Friday, February 27, 2009

Thai Chili Mussels

[Note: Picasa corrupted my pictures of this recipe, so unfortunately you're going to have to use your imagination or try it yourself.
-Gordo]

Alla and I were in Chicago in January, and a friend of hers took us to the incredible Yoshi's Cafe.

Among other spectacular culinary feats, we were served an appetizer made with mussels in which the stock was flavored with lemongrass, Thai chili paste, and fresh dates. The flavors were unexpected and created a delicious complex dish.

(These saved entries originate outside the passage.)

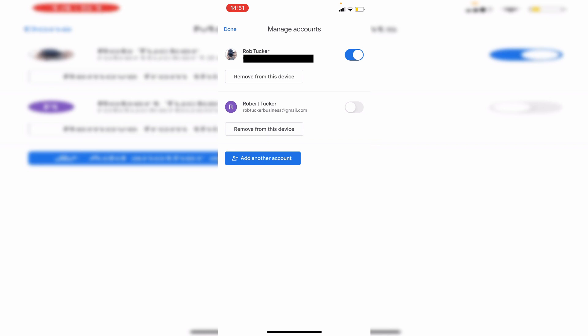But if you want to remove the whole account from your device—so that includes YouTube and all other Google related apps—then click on remove from this device. So it's all going to depend if you actually want to remove it or just want to stop the emails being shown to you. So you can choose that.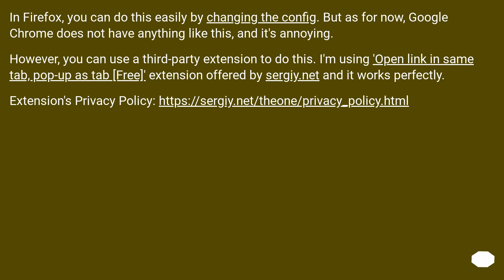In Firefox, you can do this easily by changing the config. But as for now, Google Chrome does not have anything like this, and it's annoying.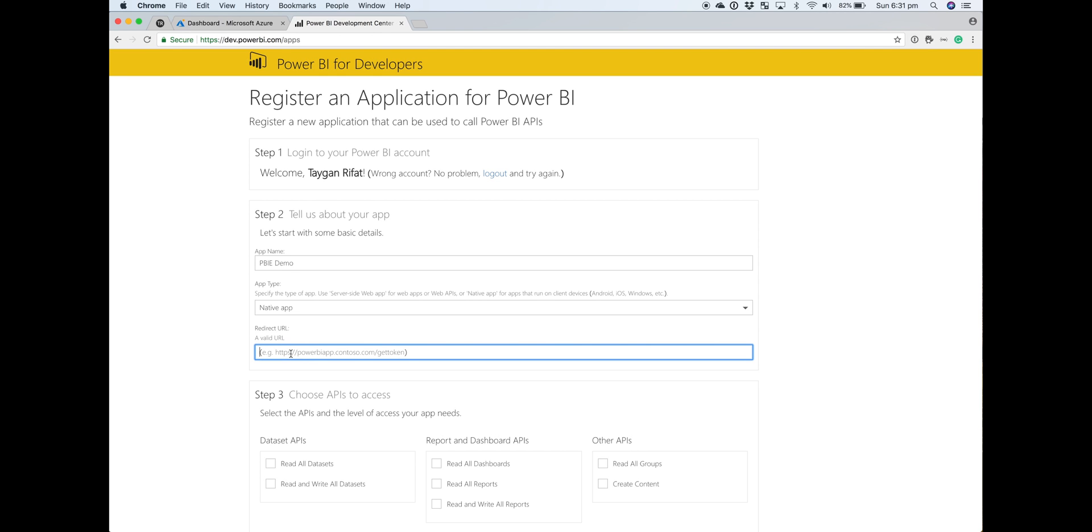For the redirect URL, I'll just use the one mentioned in the documentation. This is where Azure AD is going to redirect back to once we successfully authenticate and provide us that token.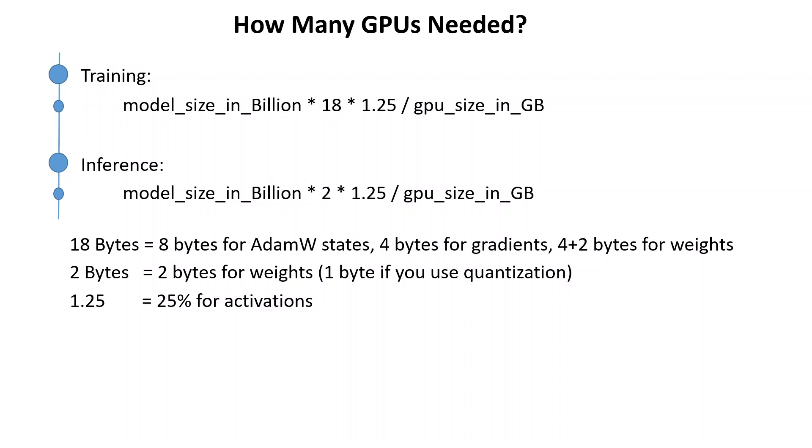Now second thing is of course gradient. A gradient simply measures the change in all the weights with regard to the change in error. You can also think of a gradient as the slope of a function. The higher the gradient, the steeper the slope and faster a model can learn. But if the slope is zero, the model would simply stop learning. And so out of this 18, 8 bytes are for this AdamW states, 4 bytes for gradients, and then remaining 6 bytes for weights.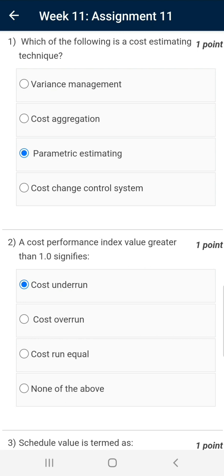Question number one: which of the following is a cost estimating technique? The correct answer is parametric estimating. Cost variance management and cost change control system are part of cost control, while cost aggregation is part of cost budgeting. Parametric estimating refers to establishing a statistical relationship with historical data. For example, if someone has to print 10 pages and the cost is 10 rupees, then the cost of 1000 pages can easily be established by extrapolating the historical data.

This is our variation on that set of flavors. This recipe is an amalgamation of several that we found online and yields flavorful mussels and a rich, tangy, and spicy broth.

Step 1: The Mussels

1 bag mussels (around 2 lbs.)

Prepare mussels by lightly scrubbing them under running tap water and removing any beards. Next, place the completely closed mussels in cold brine (1 Tbsp salt per 2 cups water). Discard any mussels which do not close when run under tap water or have broken shells. Set aside.

Step 2: The Broth(s)

Thai Chili Broth:

1 tsp. Thai Chili Paste
2 chopped scallions
2 tbsp. minced ginger
1/2 bunch basil coarsely chopped
1 bunch fresh cilantro coarsely chopped
1/2 Lime (zested and juiced)
1 (18 oz) can of coconut milk
2 minced shallots
1 cup dry white wine (usually Pinot Gris)
salt to taste

Sweat the shallots, ginger, and garlic on medium heat in neutral oil. After the shallots are translucent, add the remaining ingredients and let the broth simmer for 5-10 minutes. Add salt to taste.

Traditional Broth

As an alternative, I have included my tried and true recipe for mussels (the above version is a good winter substitution because unlike the tomato version below, the 'Thai' recipe doesn't rely on the availability of in-season tomatoes). Much of the flavor depends on how ripe the tomatoes are, so I would recommend using the best, reddest, vine-ripened tomatoes your grocer has if you choose this broth.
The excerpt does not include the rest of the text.